From the time we are little girls, we are taught to care for and dress our bodies. We tug on our clothes in the morning, brush our teeth before bed, and run a comb through our tangled tresses. Eventually, we learn how to paint our nails, put on makeup, wear heels, and maybe even get our ears pierced. We brave the insecurities of adolescence, traverse the tumultuous teenage years, and settle at last into our own unique way of presenting ourselves to the world. Some of us wear dresses, some of us prefer jeans, but we all have a habit of adornment in our daily lives.
It is an instinct as old as the world itself.
Every time we shrug on a shirt, we are acknowledging that we, like our first parents, are fragile, dust-formed, and deeply needy. We cannot sustain ourselves. We require an external source of Goodness and Light to hold the frames we so carefully clothe together. To be adorned, then, is to be cared for. To be adorned is to be the needy object of provision and love.

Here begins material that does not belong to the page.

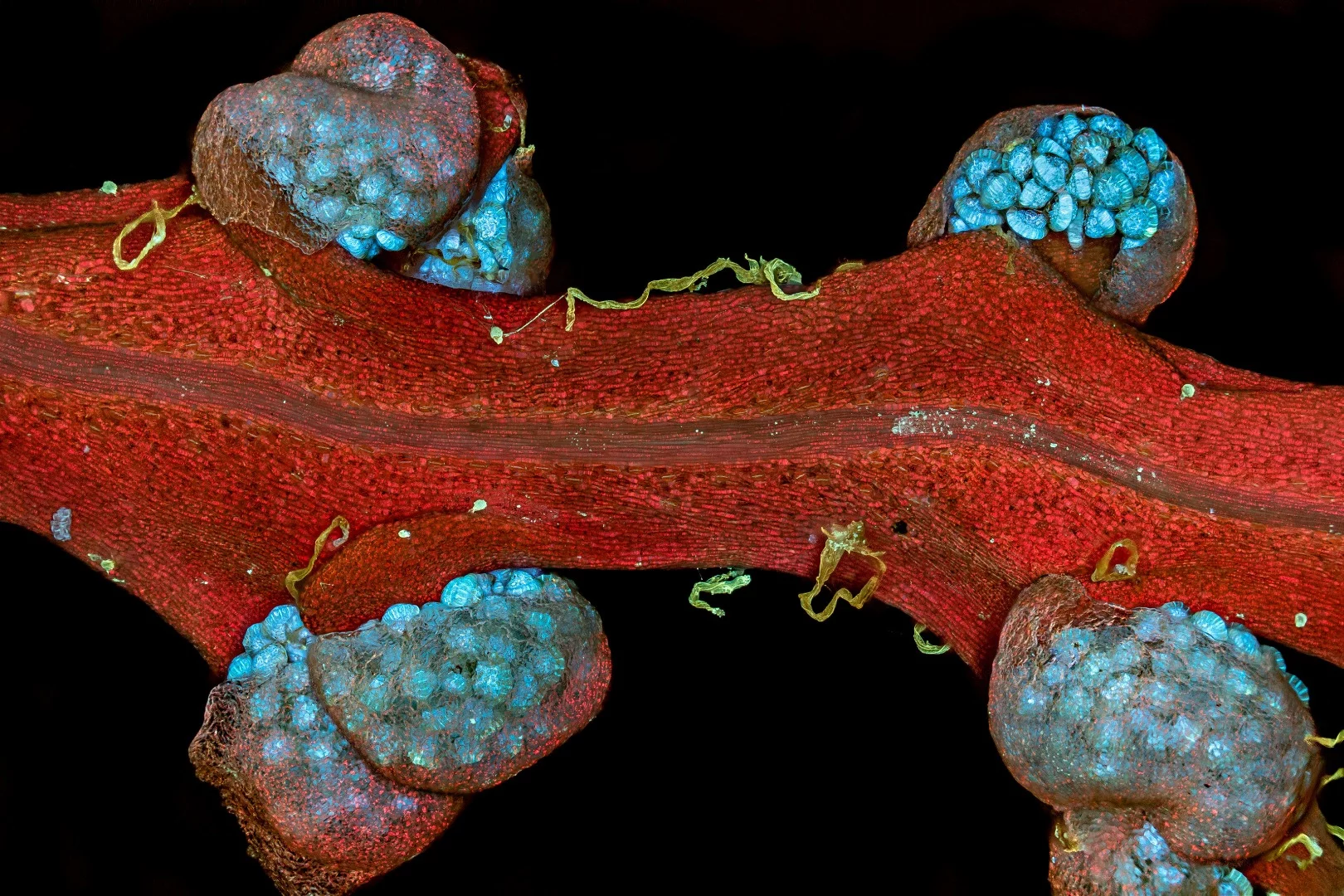 Image of Distinction: Fern sori (structures producing and containing spores)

Our ancient mother and father were naked, yet perfectly adorned. Like lilies in the field that do not toil or spin, Adam and Eve were tenderly clothed in the love of their Maker. But then came the tree. The bite. The knowing. The hiding. Adornment distorted into armor, and clothing became a way to protect ourselves from not only a dangerous world, but a God we were too ashamed to face.
We still scramble for fig leaves in all sorts of forms. We layer on trendy clothing and makeup and achievements and filters, trying to cover what we fear others might see if they looked closely enough. Sin keeps us naked and ashamed.
But our God is in the business of dressing His fragile dust creatures. He always has been.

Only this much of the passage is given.